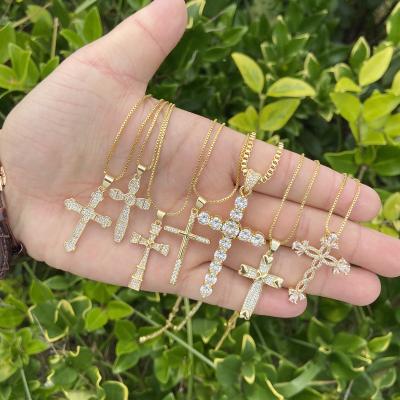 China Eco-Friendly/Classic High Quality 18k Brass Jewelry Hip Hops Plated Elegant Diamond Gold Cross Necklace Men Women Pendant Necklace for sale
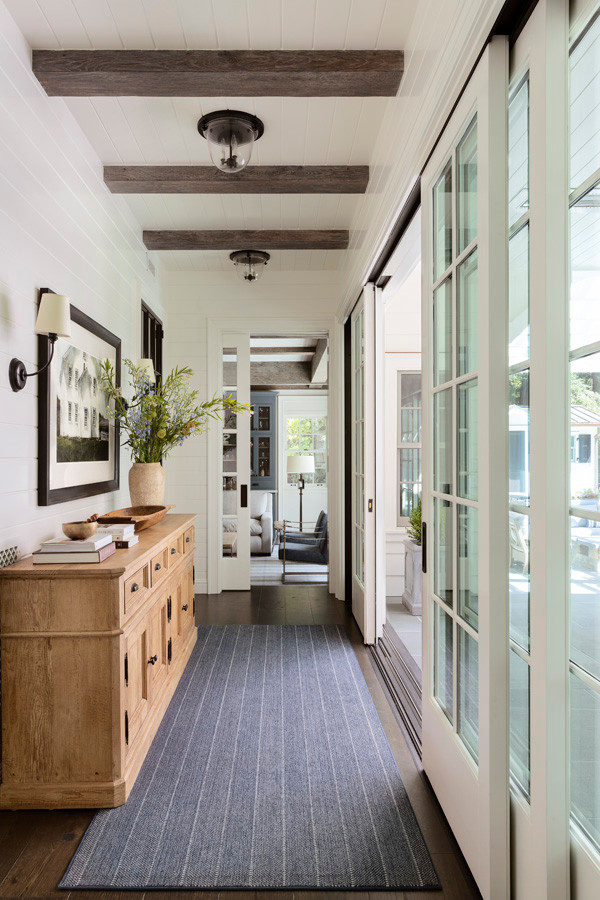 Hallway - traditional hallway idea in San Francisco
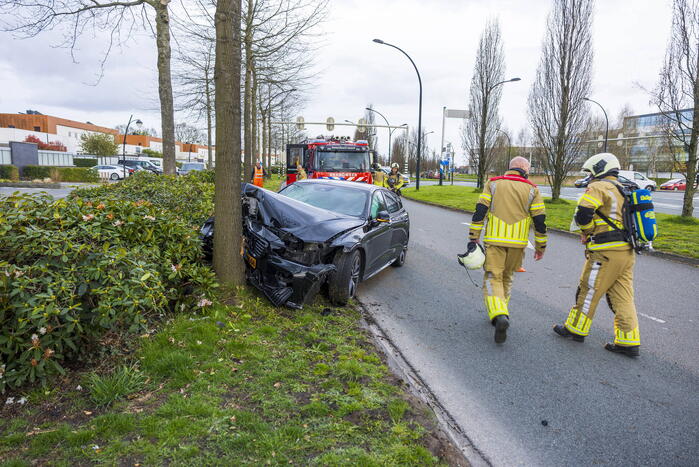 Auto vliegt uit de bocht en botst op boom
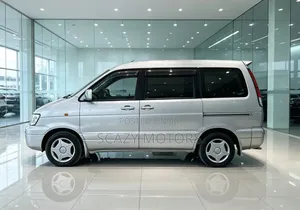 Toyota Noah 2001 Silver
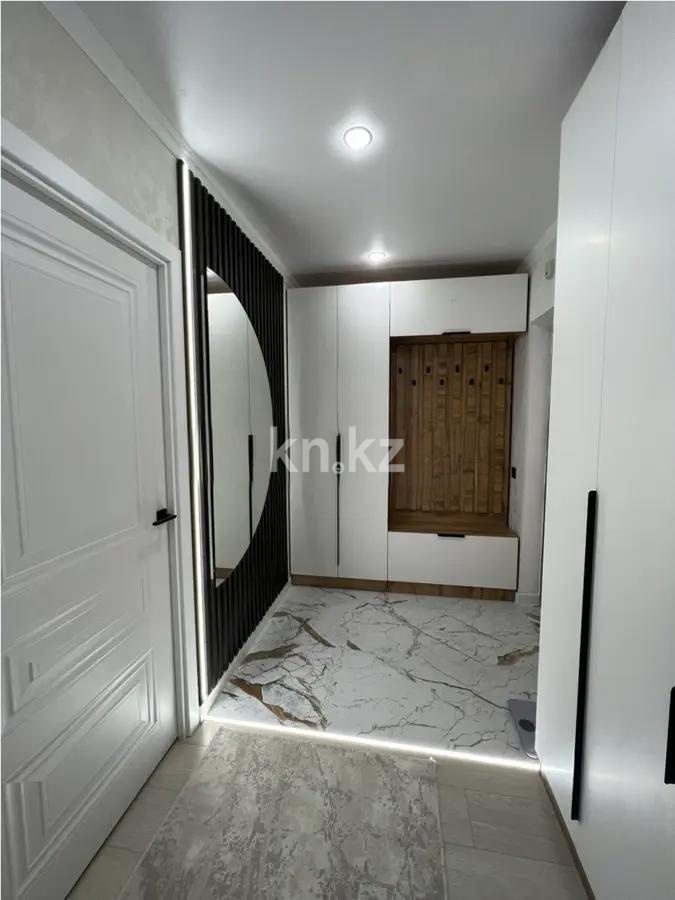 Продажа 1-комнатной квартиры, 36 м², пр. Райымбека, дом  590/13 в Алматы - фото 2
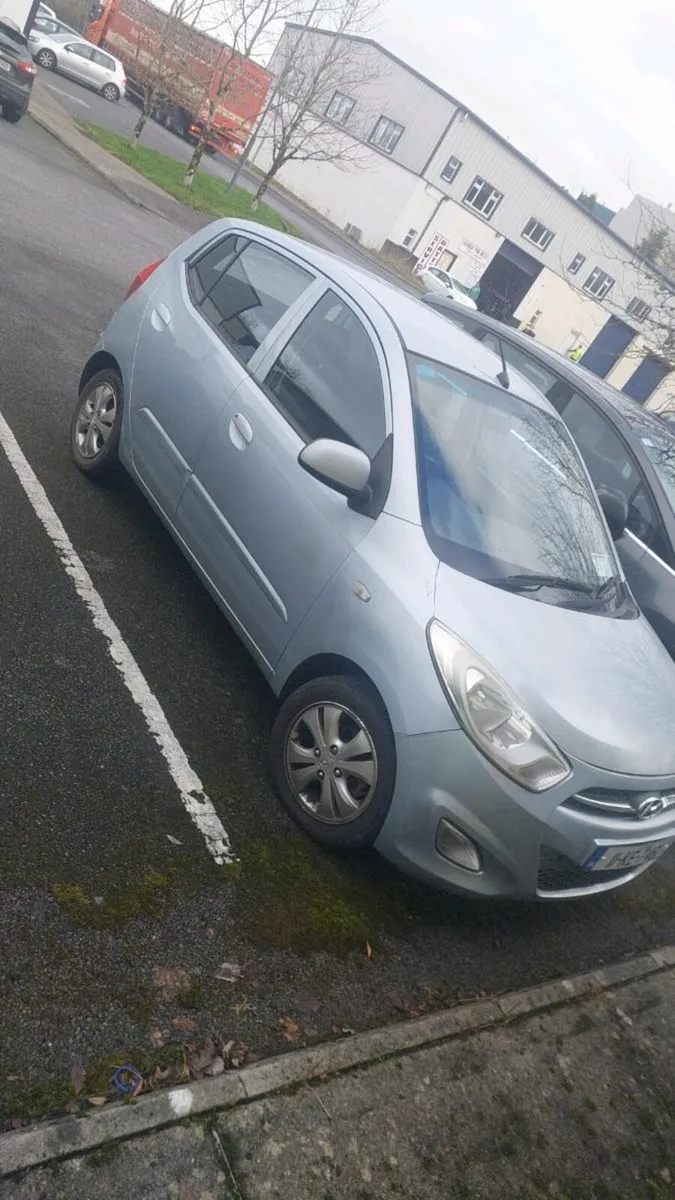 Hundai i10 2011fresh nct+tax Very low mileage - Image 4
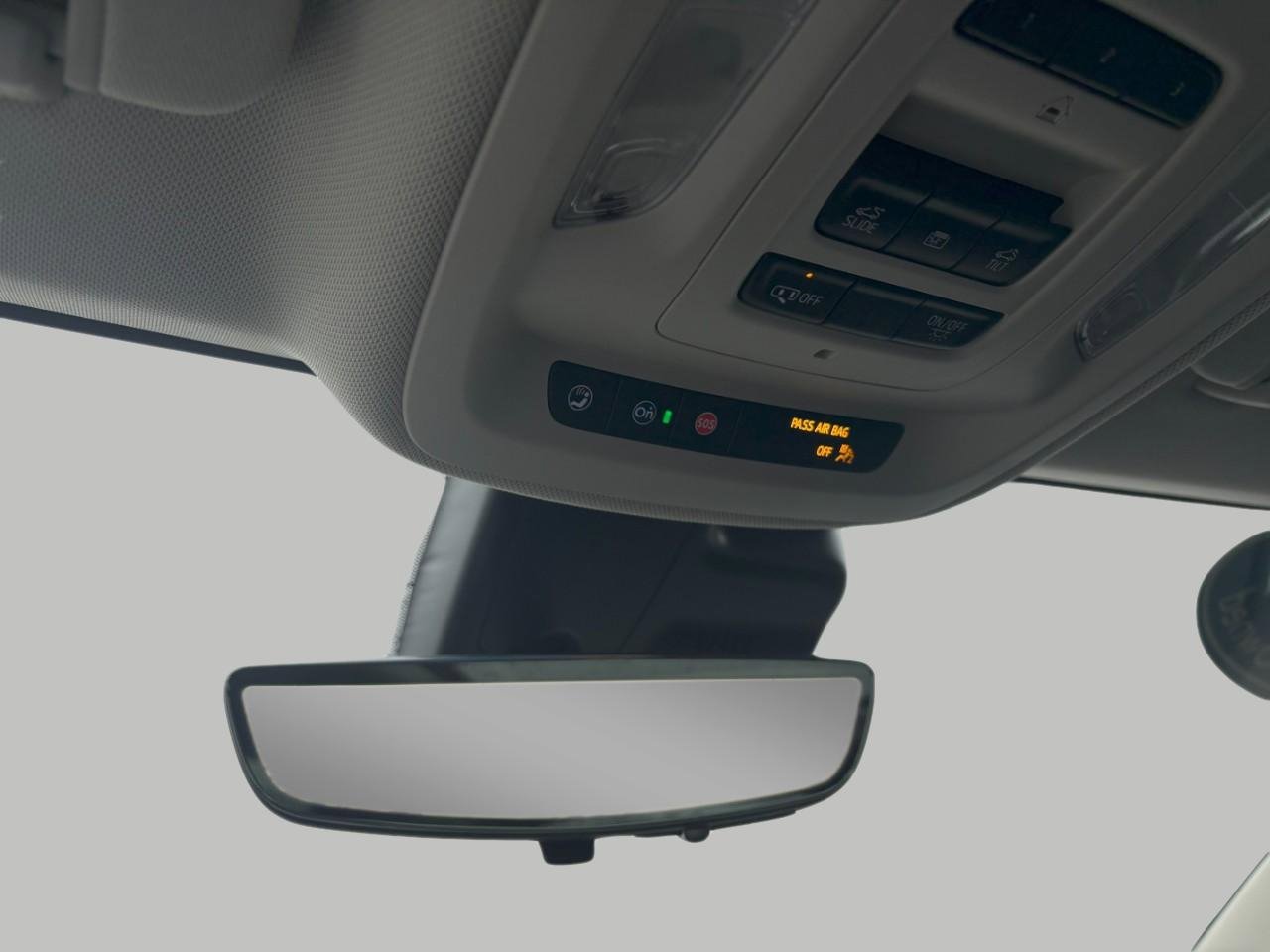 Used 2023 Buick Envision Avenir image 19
==
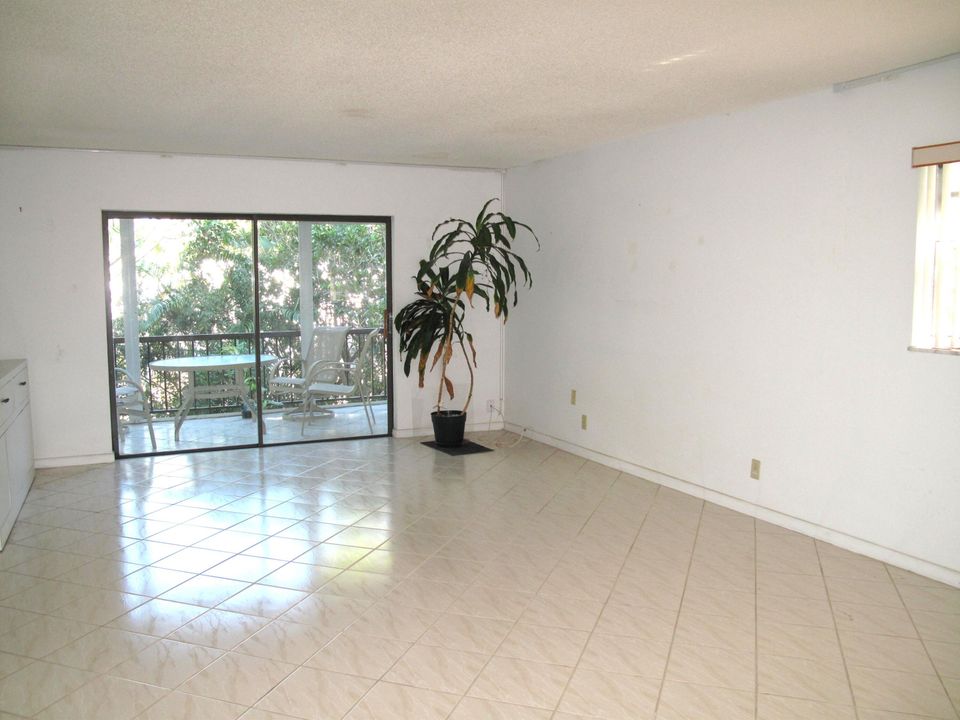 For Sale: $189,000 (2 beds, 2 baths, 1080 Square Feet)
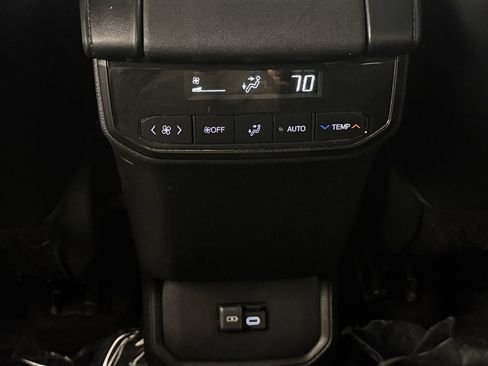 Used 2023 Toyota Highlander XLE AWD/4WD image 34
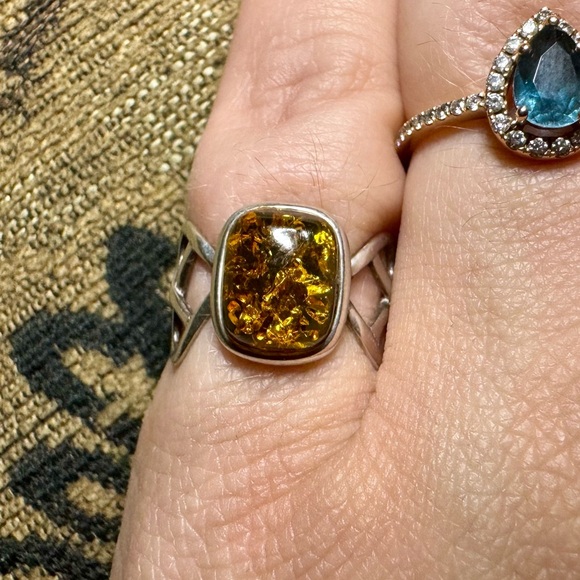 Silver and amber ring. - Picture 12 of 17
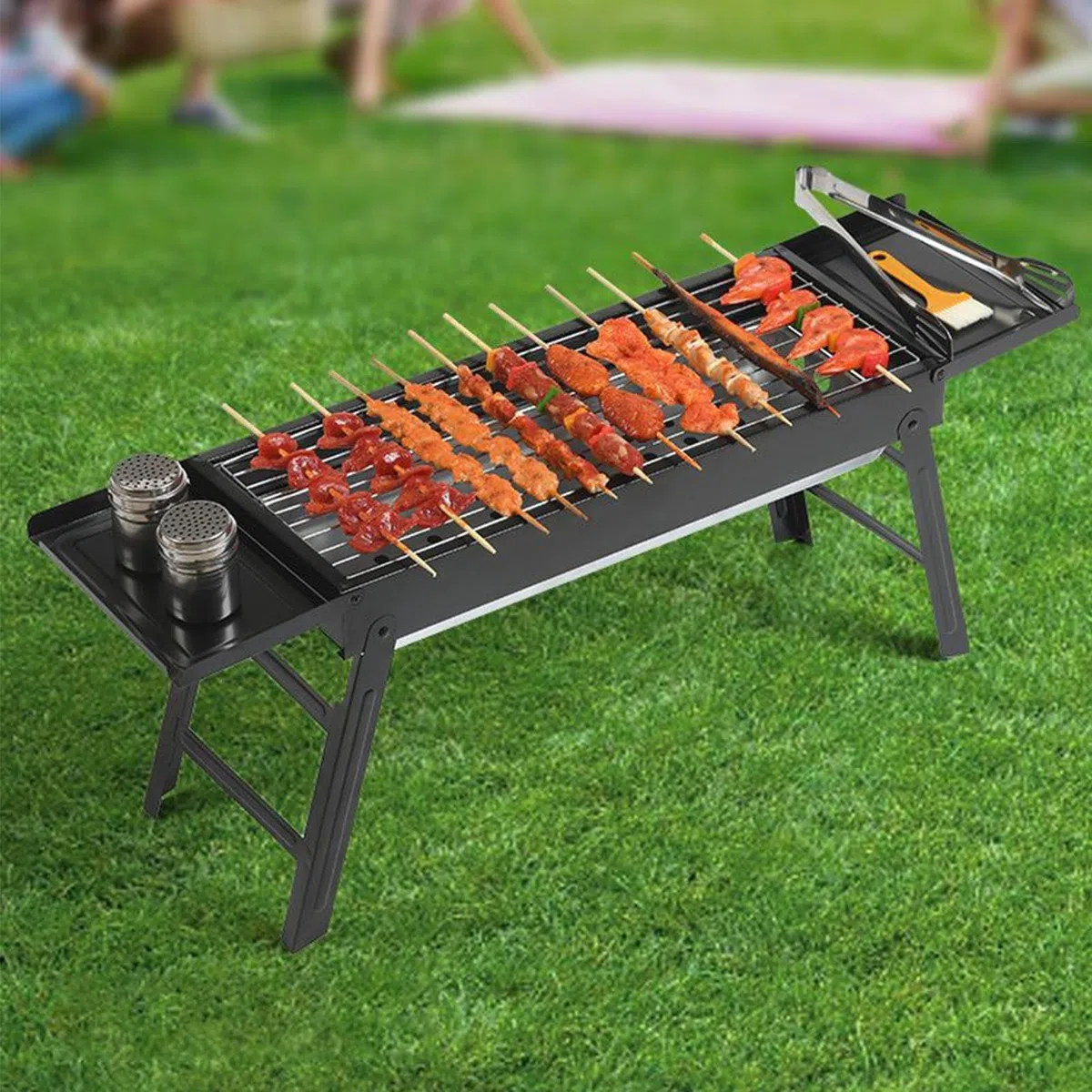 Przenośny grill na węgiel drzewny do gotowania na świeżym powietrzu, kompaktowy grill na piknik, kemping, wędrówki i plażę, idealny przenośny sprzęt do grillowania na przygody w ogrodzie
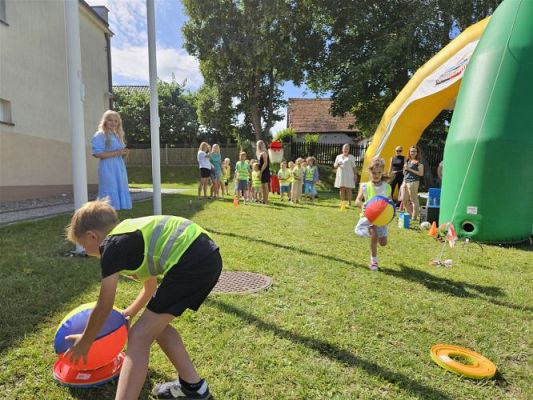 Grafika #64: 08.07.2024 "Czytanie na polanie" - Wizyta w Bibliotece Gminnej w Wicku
---
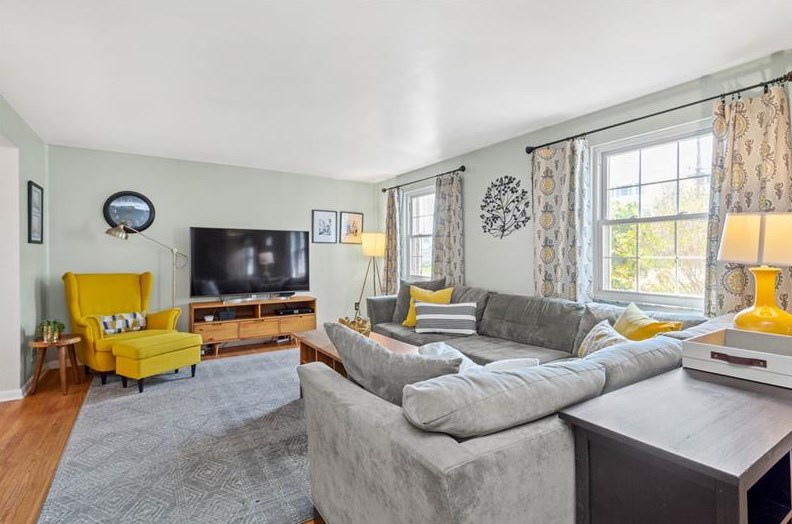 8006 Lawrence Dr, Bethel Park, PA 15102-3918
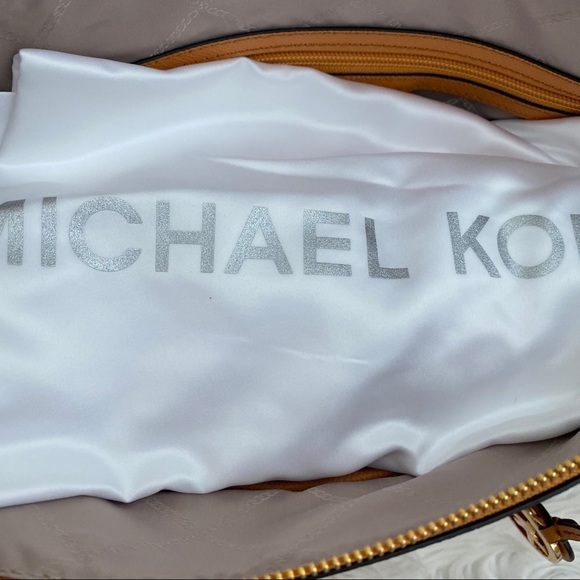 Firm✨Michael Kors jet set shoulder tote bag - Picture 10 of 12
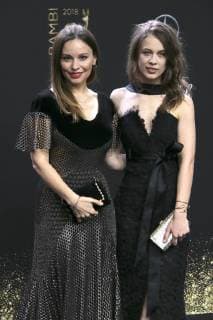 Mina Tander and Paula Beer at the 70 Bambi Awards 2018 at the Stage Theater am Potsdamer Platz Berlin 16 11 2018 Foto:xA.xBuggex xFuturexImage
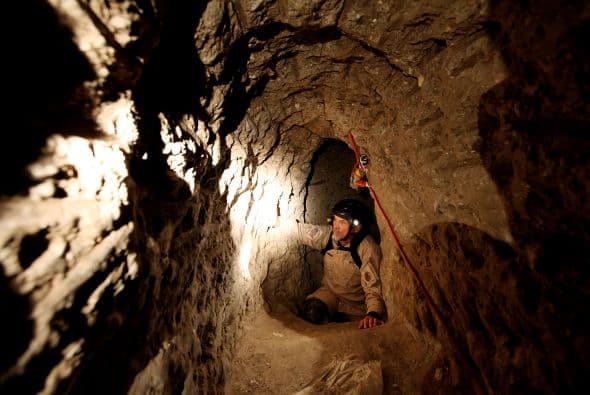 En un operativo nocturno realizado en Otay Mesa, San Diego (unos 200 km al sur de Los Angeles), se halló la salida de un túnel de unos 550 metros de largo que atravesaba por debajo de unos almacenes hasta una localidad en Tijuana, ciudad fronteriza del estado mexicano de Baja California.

» **Your instructions**:
Above are the records. Copy only the lines from the one with "Hallway - traditional" through the one with "Used 2023 Buick Envision Avenir image 19", exactly, with no pictures.

» **Response to this exercise**:
 Hallway - traditional hallway idea in San Francisco
 Auto vliegt uit de bocht en botst op boom
 Toyota Noah 2001 Silver
 Продажа 1-комнатной квартиры, 36 м², пр. Райымбека, дом  590/13 в Алматы - фото 2
 Hundai i10 2011fresh nct+tax Very low mileage - Image 4
 Used 2023 Buick Envision Avenir image 19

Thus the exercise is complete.